[RECORDS SUPPLIED — start]
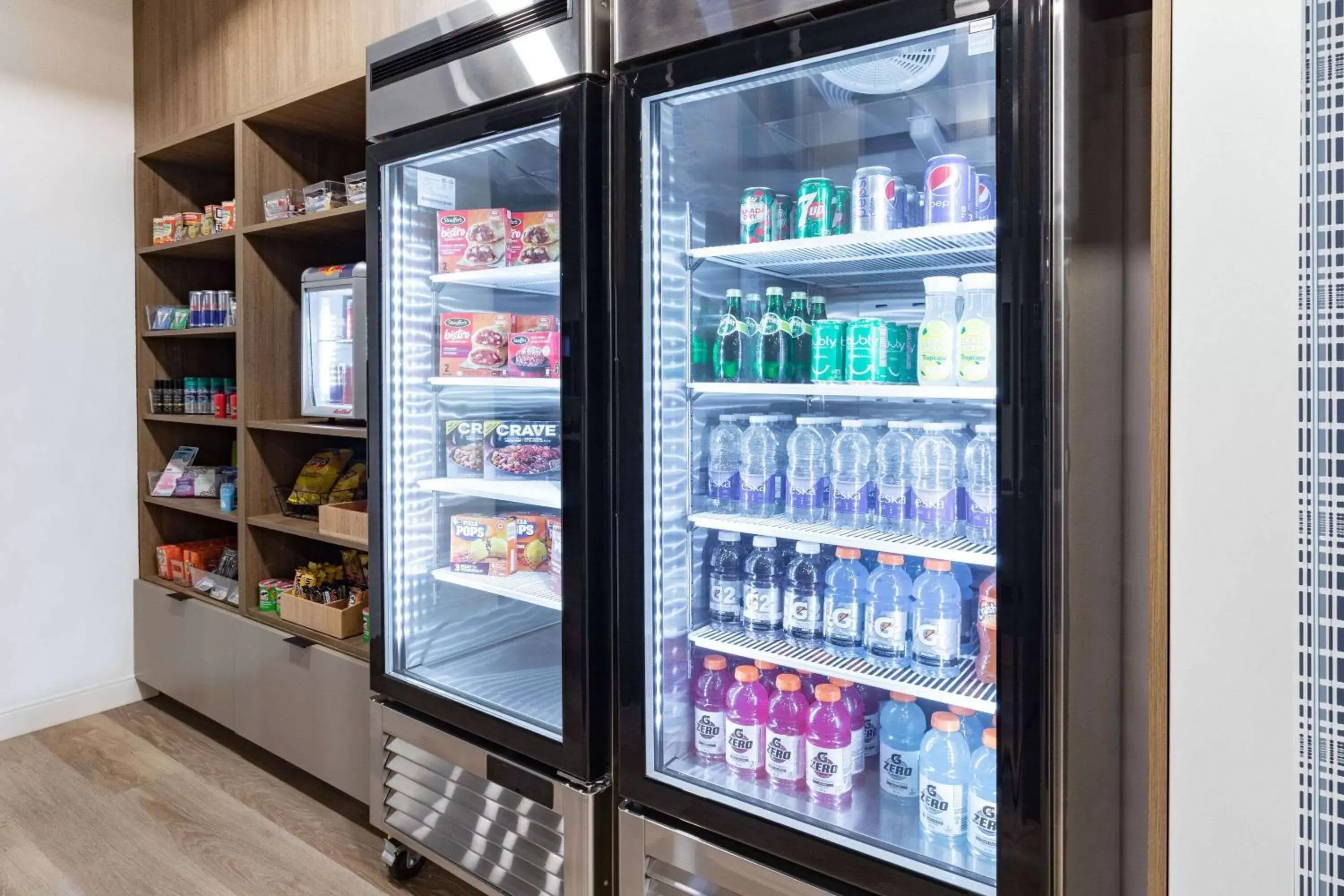 Food and drinks in Microtel Inn & Suites by Wyndham Summerside Food and drinks in Microtel Inn & Suites by Wyndham Summerside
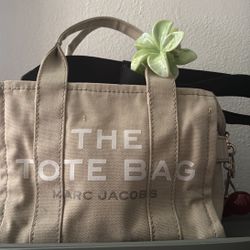 The Mini Tote Bag 💌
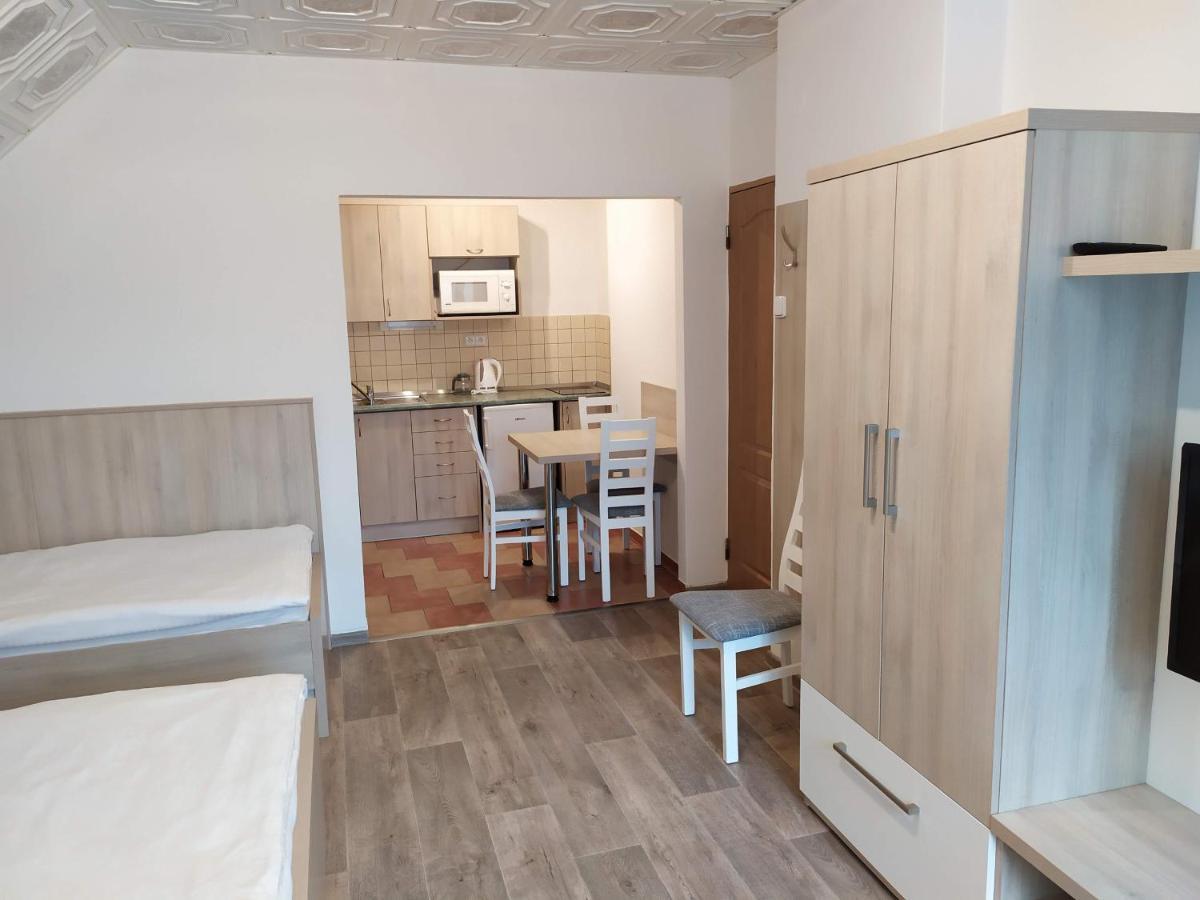 Apartmany Okoun Velké Losiny Buitenkant foto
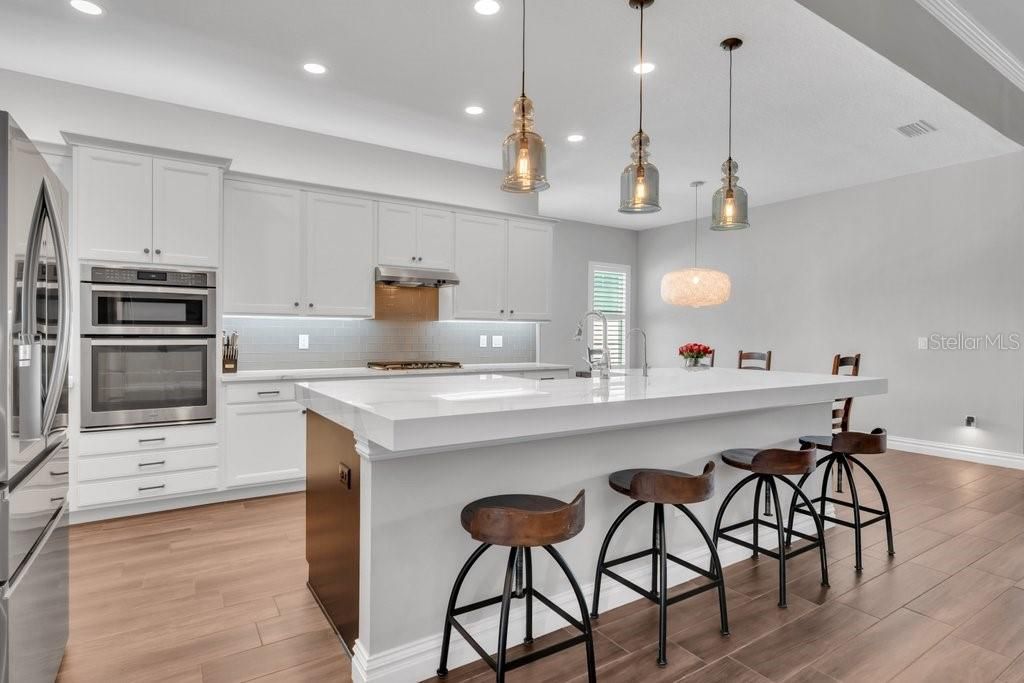 Image 10 of property listing at 14908 BASSINGER LANE, Lithia, FL 33547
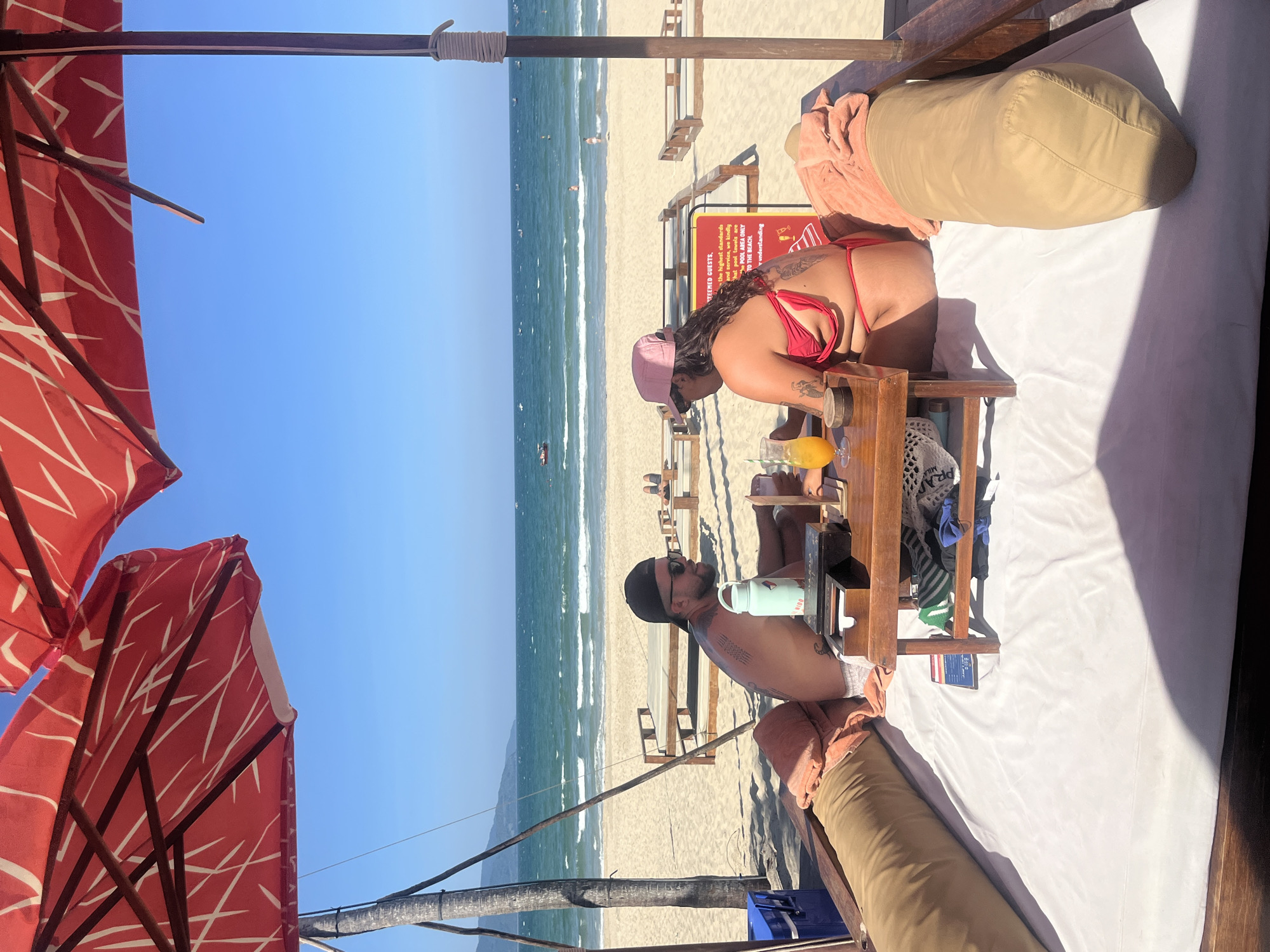 Beach resort guests enjoy pizza and drinks in sunny Đà Nẵng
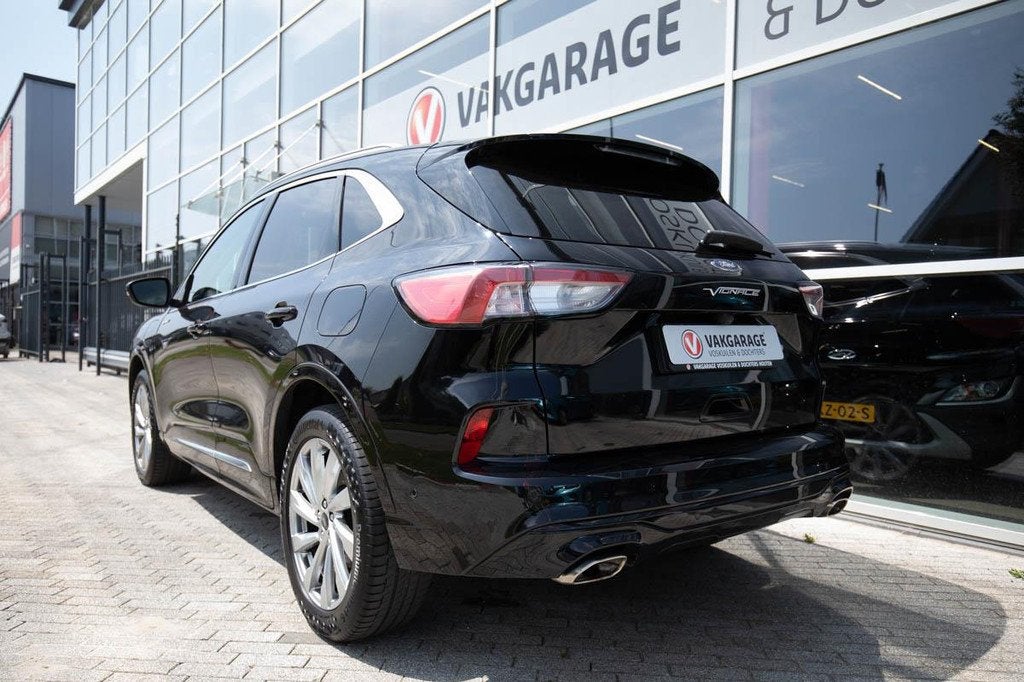 Ford Kuga 2.5 PHEV Vignale | Leder | 1500kg trekgewicht, 12 maanden, Gebruikt, Zwart, 4 cilinders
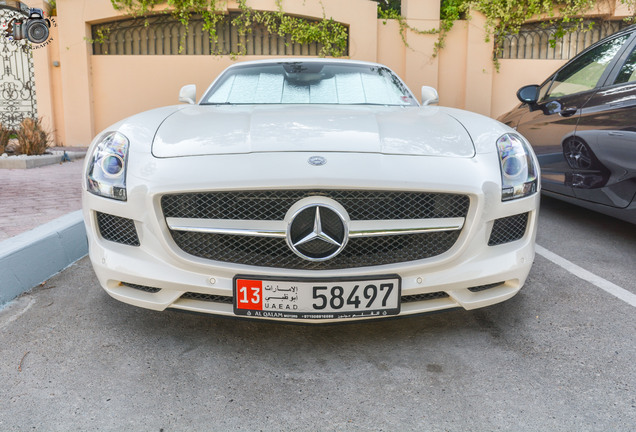 Mercedes-Benz SLS AMG Roadster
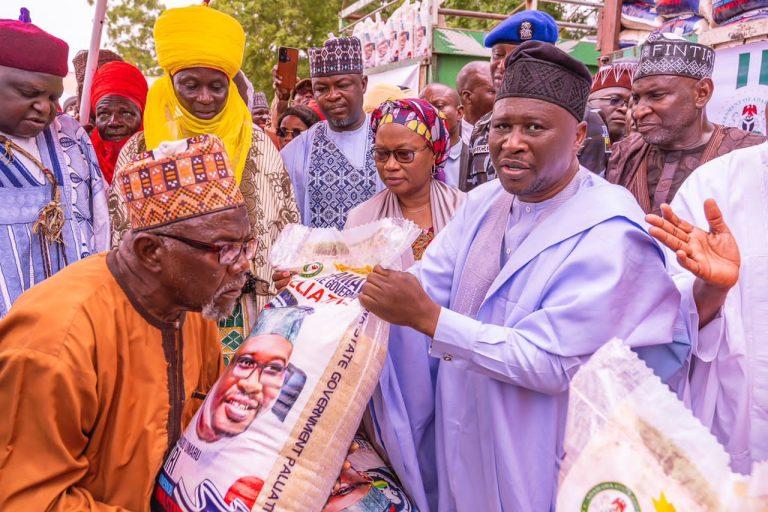 Adamawa distributes 60,000 bags of rice to vulnerable persons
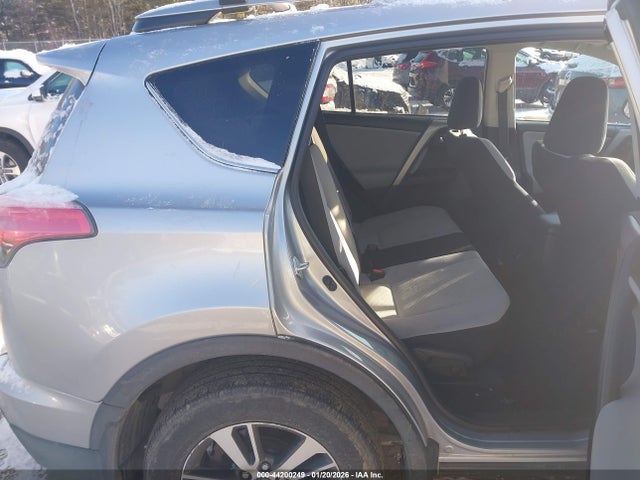 Toyota Rav4 Xle 2017 2T3RFREVXHW612681 Image 8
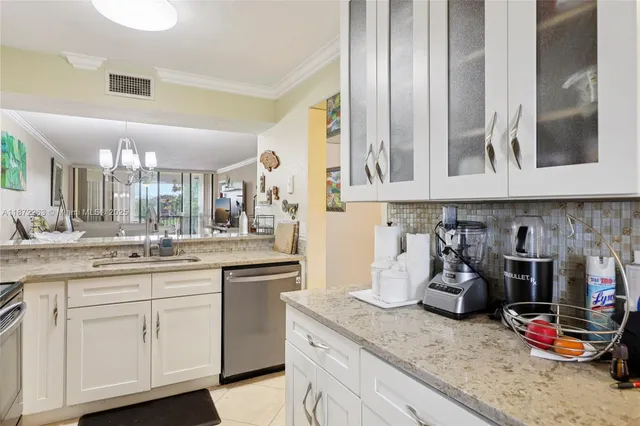 $200,000 | 5732 Coral Lake Drive, Unit 308, Margate, FL 33063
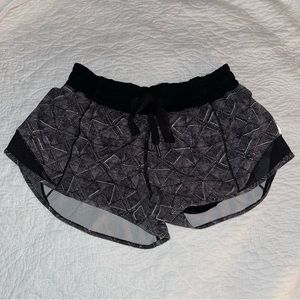 Lululemon Hotty Hot shorts 2.5 inch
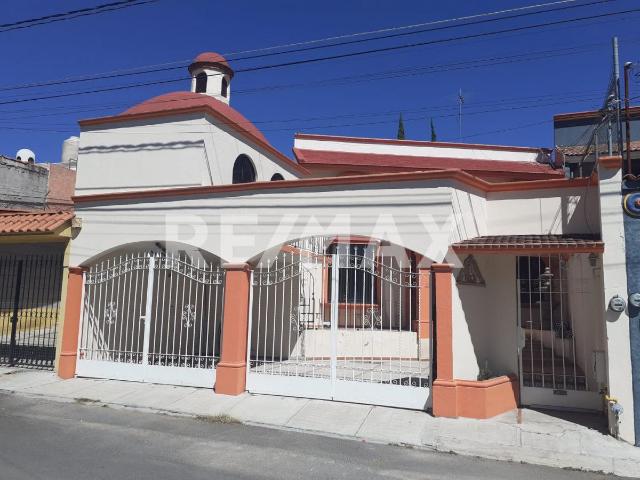 VENTA DE CASA EN VILLAS DEL PARQUE, QUERETARO, QUERETARO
[RECORDS SUPPLIED — finish]
Each line from the one with "Margate, FL 33063" through the end of the entries should be reproduced exactly. Leave out the pictures.

- **FINAL ANSWER**
 $200,000 | 5732 Coral Lake Drive, Unit 308, Margate, FL 33063
 Lululemon Hotty Hot shorts 2.5 inch
 VENTA DE CASA EN VILLAS DEL PARQUE, QUERETARO, QUERETARO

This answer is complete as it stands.